Thanks to everyone for the helpful advice.

P.W.H.
7th March 2016, 11:58 PM
Old thread, but a related new question.

I have one of those old Hyco lathes. I have a little problem with wobble on the left hand side, but some of the comments
in this thread have given me ideas what to do. I acquired the lathe from a friend who made a living by turning kauri bowls for many years,
but eventually he burned out on it and went on to make stretchers for his painter sister and fine furniture. So I ended up with the lathe
for 100 bucks. I haven't done a great deal with it, turned a few bowls, and did a bit of turning between centres for a few mallets and bits
for my wife's looms, but I am far from well-versed with it.

Now my drive/fan belt has gone old, brittle, and shiny and I really really want to replace it. Last bowl blank I tried to rough out, it started
slipping like crazy without my applying much force at all.
I am not sure how to drive the shaft out of the bearings. Obviously you need to loosen grub screws in the pulley, but what else needs
to be removed/loosened, and do you drive it towards the bed of the lathe or do you drive it towards the headstock end?

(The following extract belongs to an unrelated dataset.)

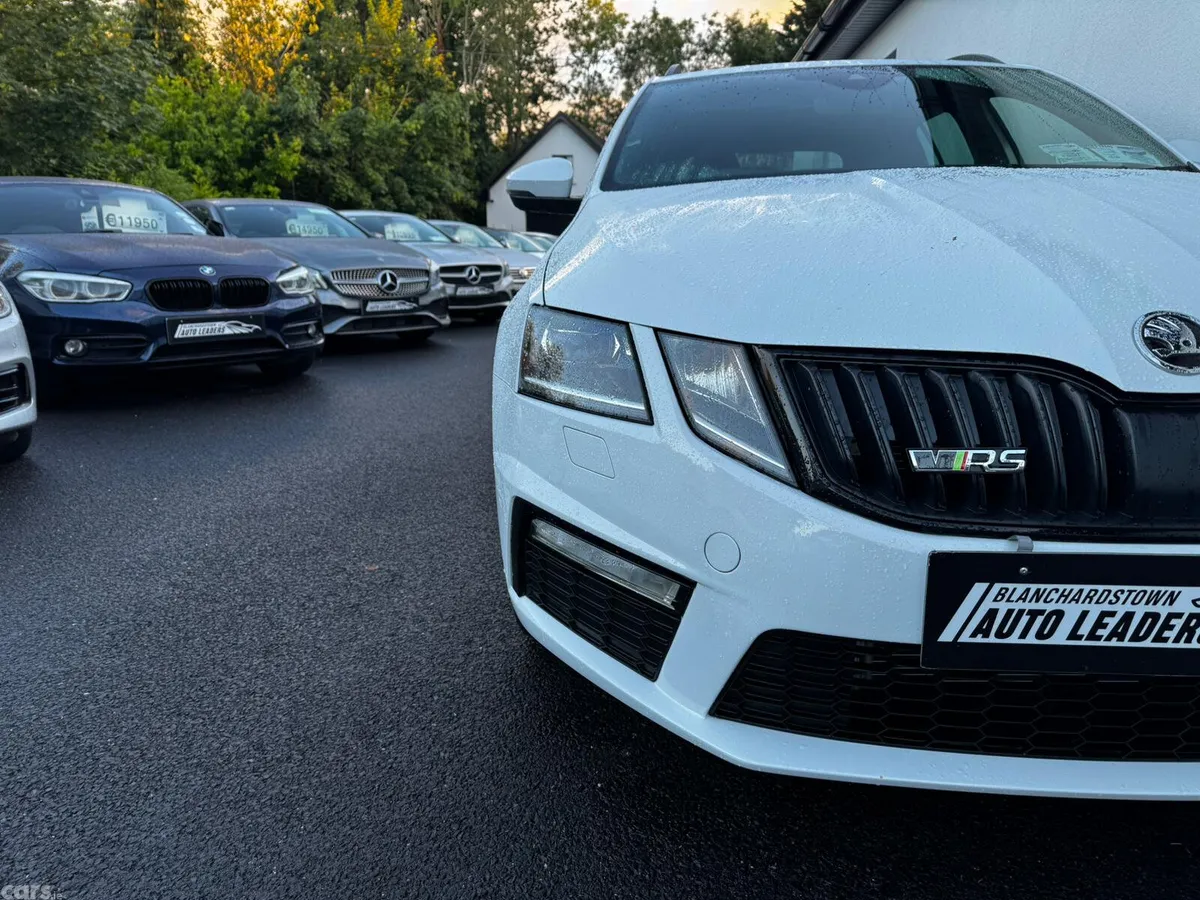Skoda Octavia Estate, Diesel, 2017, White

I'd rather know
beforehand so I don't trash the seating of any bearings and for all I know the shaft may be stepped in there.

thanks in advance, -Peter

Paul39
8th March 2016, 03:57 AM
Peter,

If the bearings sound good, you might want to use one of these:

1/2" Power Twist Plus Link V-Belt - Rockler Woodworking Tools (http://www.rockler.com/1-2-power-twist-plus-link-v-belt?utm_source=google&utm_medium=cpc&utm_term=&utm_content=pla&utm_campaign=PL&sid=V9146&gclid=CIr-tYOCr8sCFUwvgQodqPQFYQ)

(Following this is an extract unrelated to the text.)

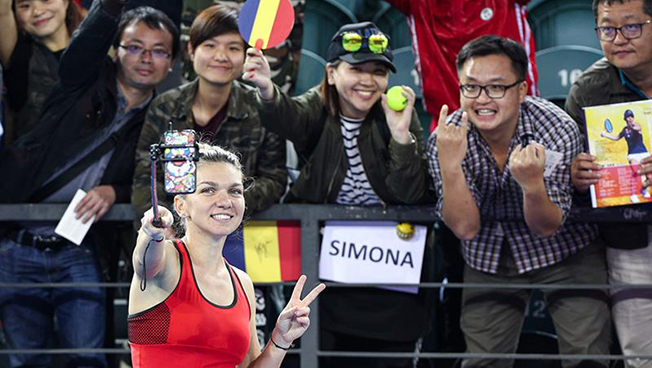 Simona Halep are mulți fani la Shenzhen (sursa foto: www. shenzhenopentennis.com)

They are reputed to run smoother than a regular V belt and can be installed without removing the spindle.

You might first try rubbing your existing belt with a rag soaked with rubbing alcohol, giving the running surfaces a rub with 220 grit sand paper, and increasing the tension on the belt.

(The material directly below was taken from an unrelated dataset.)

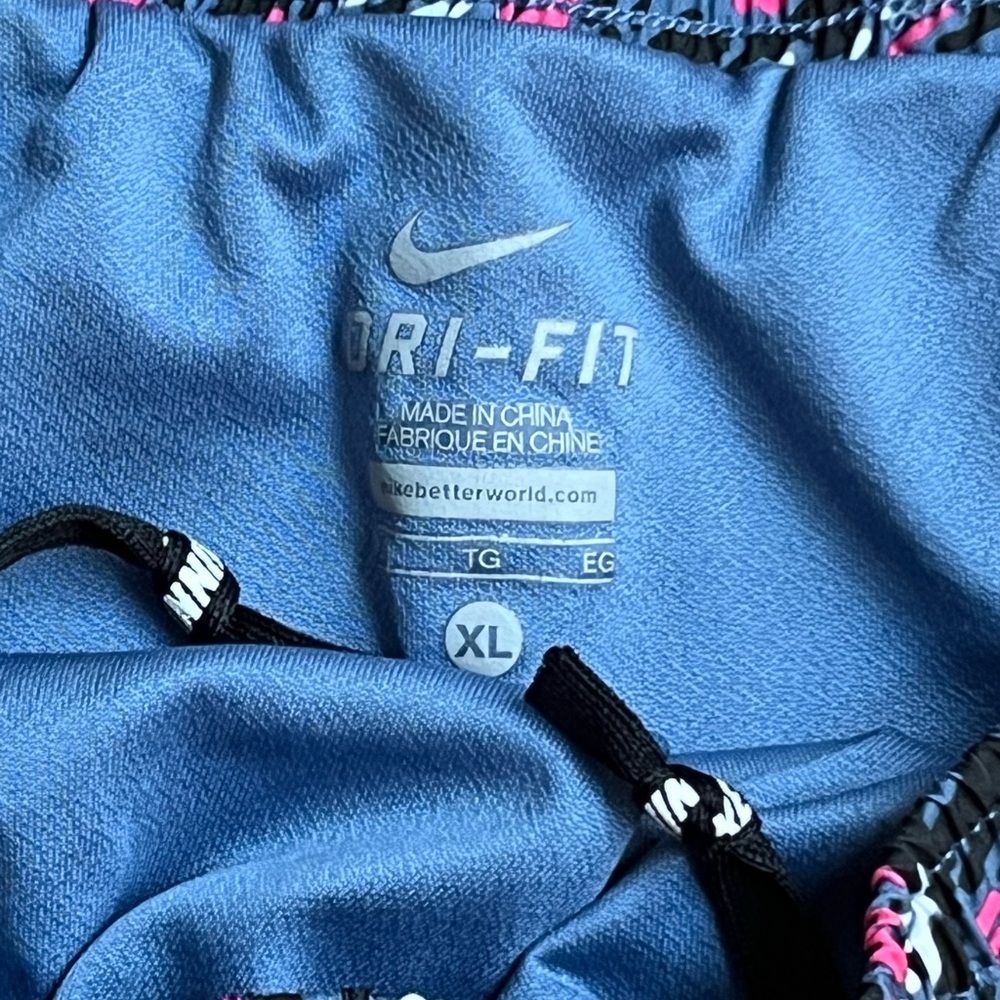 Nike Tempo Running Shorts women’s size XL black gray pink - Picture 3 of 4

If a belt has gotten stiff and set from sitting for years, often a 10 minute run at medium speed will warm it enough to make it run smoothly.

It is best not to drive the spindle out. Banging on the shaft may damage the bearings by making dents in the running part with the balls or rollers. Better to pull or press out with a long bolt or timber and long clamps.

Be sure to check for one grub screw under the first one in each hole. When the area on the shaft appears where the grub screw has bitten, sand off the raised ridge. Use lots of penetrating oil on everything.

P.W.H.
8th March 2016, 03:04 PM
Things turned out to be more wonky that I was aware of. I had a look at the shaft opposite the bed of the lathe,
and that runs true, no wobble in it at all. However ...
... up against the bearing there's a recess milled into the shaft that holds a split bush that presses against the bearing.
over the top of that sits yet another bush that holds the split bush in and comprises a register of sorts.

373573373574373575

But, as you can see, that register is nowhere near the faceplate. The faceplate sits up against nothing. That is, what my
friend had done was to put a grindstone in there with a couple of washers (and fat paper disks on the grindstone) so
of course it would be somewhat loony to expect that to be wobble free ... which apparently it was for him, but certainly
not for me.
Even the face of the outer bush is not wobble free as it were. I am at a loss as to how to actually get a register here that
the faceplate (or a chuck) can ride against. There's a huge gap between the bearing and the thread on the spindle.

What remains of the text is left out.